- Available data

****

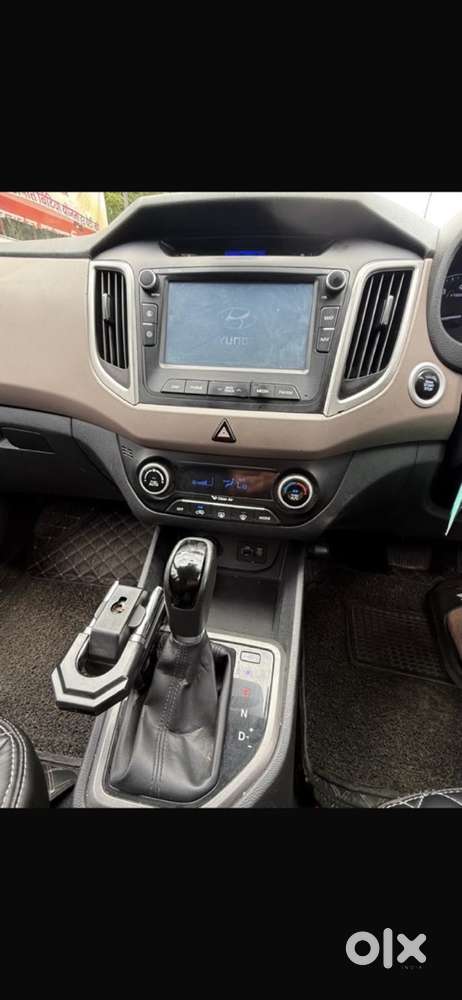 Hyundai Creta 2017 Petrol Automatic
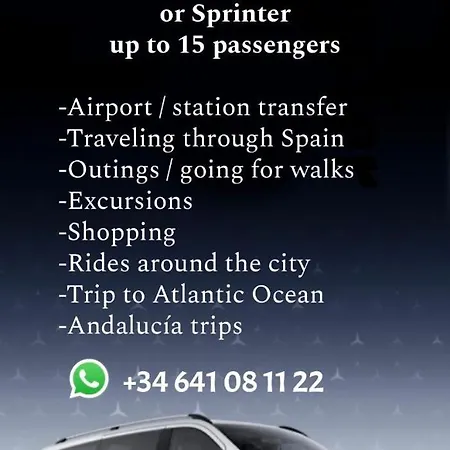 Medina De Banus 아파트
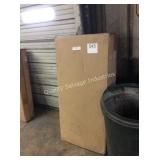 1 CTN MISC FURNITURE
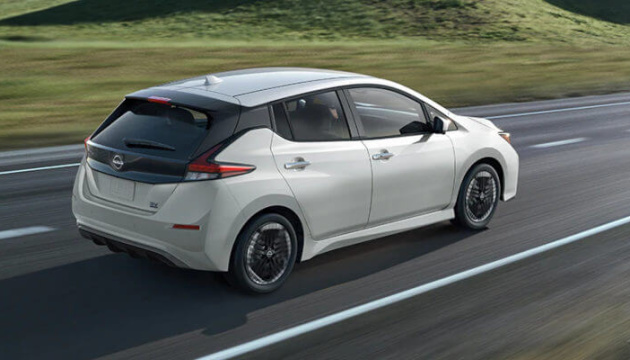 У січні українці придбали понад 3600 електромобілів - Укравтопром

****

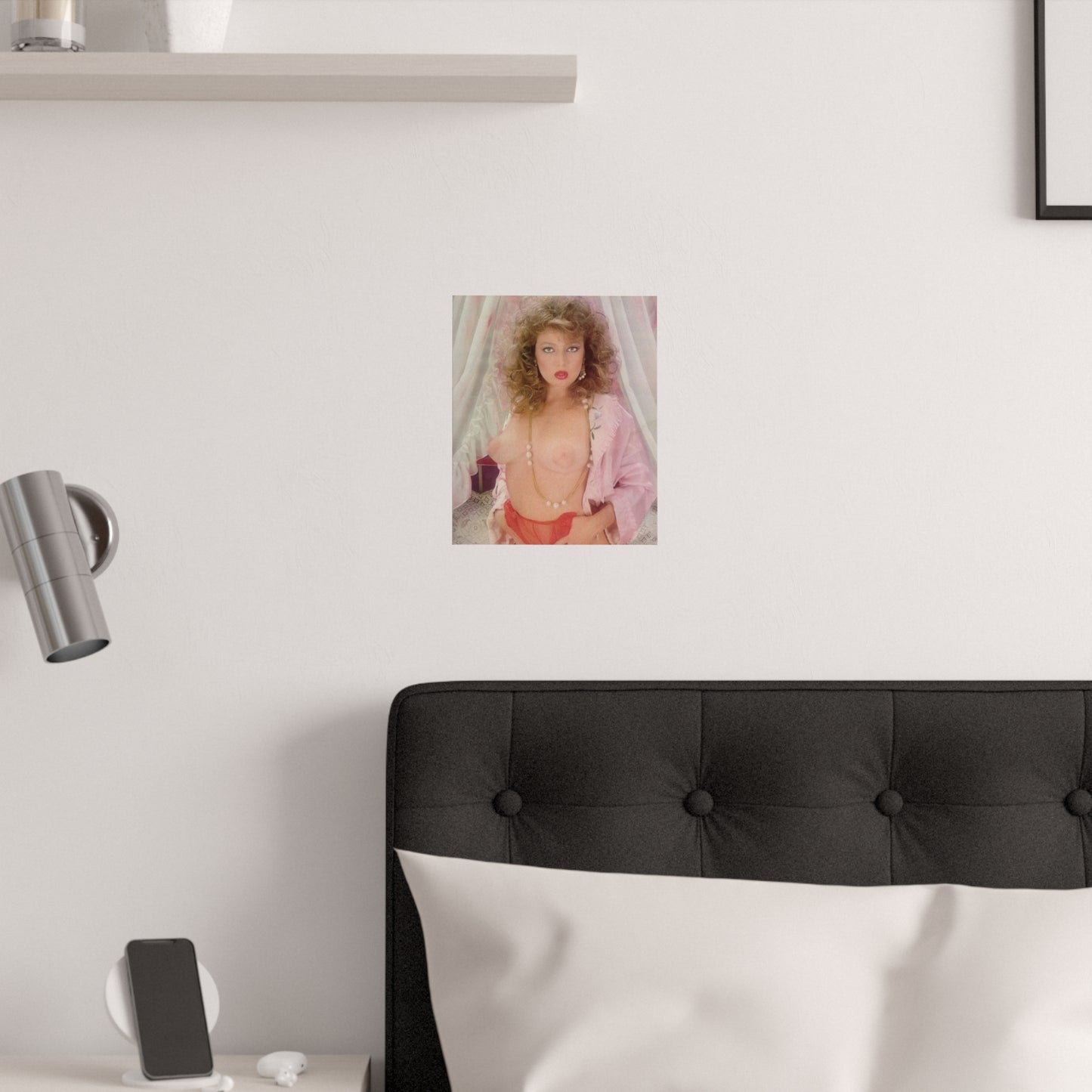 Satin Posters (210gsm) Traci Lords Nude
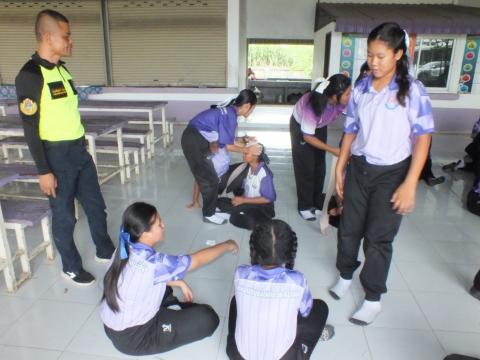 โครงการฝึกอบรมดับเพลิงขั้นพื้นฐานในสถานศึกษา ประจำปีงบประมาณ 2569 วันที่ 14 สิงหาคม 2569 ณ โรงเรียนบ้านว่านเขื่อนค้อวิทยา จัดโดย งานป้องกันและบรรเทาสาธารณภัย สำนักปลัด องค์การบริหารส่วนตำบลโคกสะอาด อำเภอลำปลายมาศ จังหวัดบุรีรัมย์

****

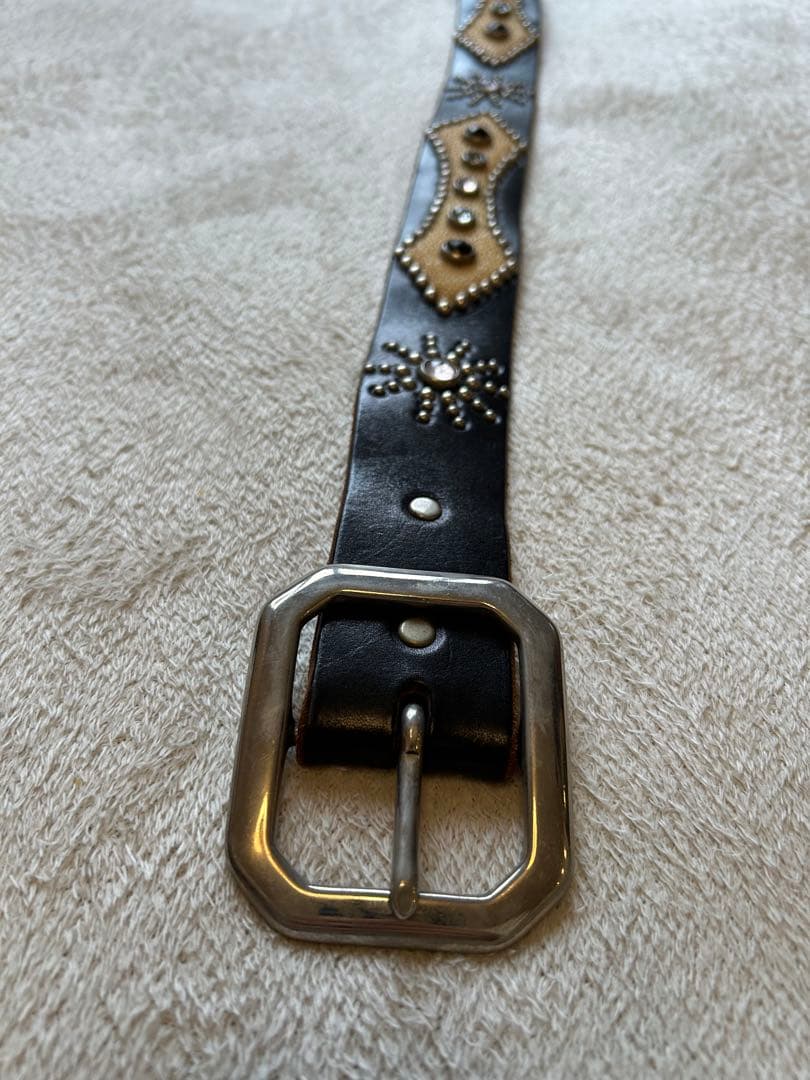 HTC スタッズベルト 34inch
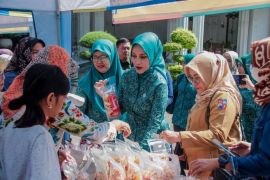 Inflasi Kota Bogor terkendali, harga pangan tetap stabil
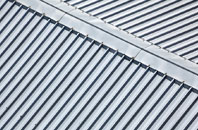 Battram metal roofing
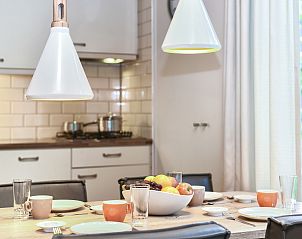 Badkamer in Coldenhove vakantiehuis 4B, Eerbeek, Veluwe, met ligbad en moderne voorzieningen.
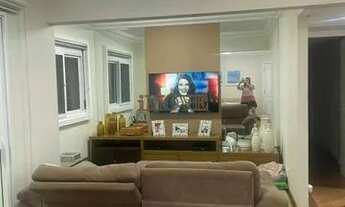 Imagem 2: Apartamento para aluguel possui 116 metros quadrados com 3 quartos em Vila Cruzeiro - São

****

Precisely those lines above that run from the line with "Hyundai Creta 2017 Petrol Automatic" up to and including the line with "У січні українці" are to be set down, with the pictures omitted.

- Written solution
 Hyundai Creta 2017 Petrol Automatic
 Medina De Banus 아파트
 1 CTN MISC FURNITURE
 У січні українці придбали понад 3600 електромобілів - Укравтопром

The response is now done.